At first, you might suspect that Rock Around the Clock is little more than an album-length single, a product for which the 1950s is most famous. But by the time you’re done rocking around the clock, have finished with your “Shake, Rattle, and Roll”, and have learned your “A.B.C. Boogie” is when the band just starts cooking. For as much as all three of those songs are rightful classics, indelibly inscribed in America’s cultural canon, Rock around the Clock real genius sets once you get past the singles. Track four is the hilarious H-bomb dream/nightmare, “Thirteen Women (And Only One Man in town)”, a scene so hilarious that it makes Dylan’s “Talkin’ World War III Blues” seem pale in comparison. Seriously.

“Razzle-Dazzle” does just that, while the aforementioned “Two Hound Dogs” keep the party going. Sure, there’s a little crass consumerism here on Haley’s part — cashing in on the evident and inexplicable mambo craze by calling a jump song “Mambo Rock” or explaining to us all the “Birth of the Boogie” — but what else would you expect with an album released a year after the success of its eponymous lead single? While the songs lack the self-awareness and detached irony that came to pervade rock and roll with the advent of the British invasion, the honesty and humor of the songs is undeniably fun. Your foot can’t stop tapping, your head can stop from bobbing, and your fingers will demand to snap with a forceful belligerence. Rock around the Clock is an album that writes its own epitaph: the closing track, “Rock-A-Beatin’ Boogie” most appropriately opens with the perfect self-description of its record’s contents: “You take a rock / You take a beat / You take a boogie / You make it sweet”.

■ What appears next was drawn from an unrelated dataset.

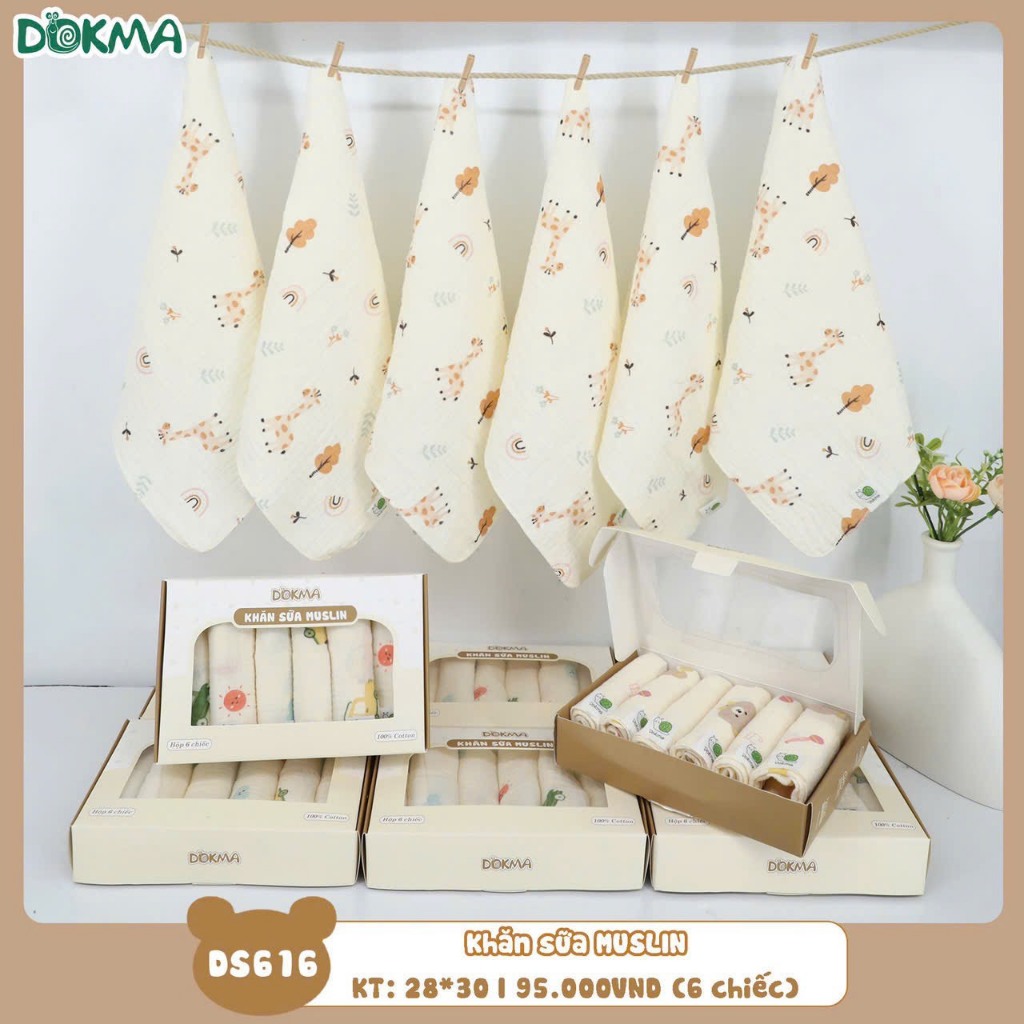 Khăn sữa Muslin Dokma hộp 6 chiếc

Perhaps the main reasons for the sheer exuberance that goes by the name Rock Around the Clock has a little less to do with Bill Haley and owes a little more to “his” Comets. In odd fashion for a rock and roller, Haley pronounces every single syllable of every single word he sings with an actor’s learned precision; he never misses a single “O'” in all of his myriad “O’clock”s. It’s actually a bit of a distraction to hear a frontman laboring so intently to cross every verbal “t” and dot every oral “i”. But if this nowadays bizarre practice is overlooked as a quaint archaism, it’s nonetheless quickly forgotten because of the band. At its core is bassist Marshall Lytle, who takes four different drummers on perfect rhythmic backing tours de force. This incredible backbeat with slinky bass is accentuated by two distinct duos of lead men: Danny Cedrone and Joey d’Ambrosio, and Franny Beecher and Rudy Pompilli. Playing lead guitar and tenor sax respectively, both duos bring an incredibly jazzy set of musical ideas to make the songs jump, jive, and wail. Scotty Moore, Elvis’ long time guitarist, clearly cut his teeth on Cedrone’s riffs, while everybody whoever played in a New Jersey bar band owes a tremendous musical debt to Mssrs. D’Ambrosio and Pompilli. You can not only hear their incredible interplay throughout Rock Around the Clock, but can also have the great fun of watching their flat-on-the-back traded solos in any of the films Bill Haley and His Comets graced with a cameo between 1954 and 1957.

Almost as quickly as they rose to prominence, so rapidly did the Comets’ star fall. Despite trying to cash in on the incredible popularity of “Rock Around the Clock” with a string of overtly self-styled singles like “R-O-C-K” and “The Saints Rock ‘N’ Roll” — which are appended as bonus tracks on this “Anniversary Edition” — Bill Haley rapidly vanished from the mainstream American music scene, relegated to playing summer festivals and reunion bills. If Bill Haley is gone, he is hardly forgotten. He is alive in every one of Clarence Clemons’s solos, he breathes into every scale Brian Setzer fingers on his majestic Gretsch — by the way, I’d pay serious money to hear Setzer release a cover version of this entire album. If the 50th anniversary of rock and roll is nothing but a scam cooked up by record companies to unload their back catalogue, it nonetheless brings back to us in its tide a truly remarkable album, a perfect gem from our past that has perhaps been too long hidden. Bring Rock Around the Clock out in the daylight for yourself again, and you’ll be dancing to it all through the night.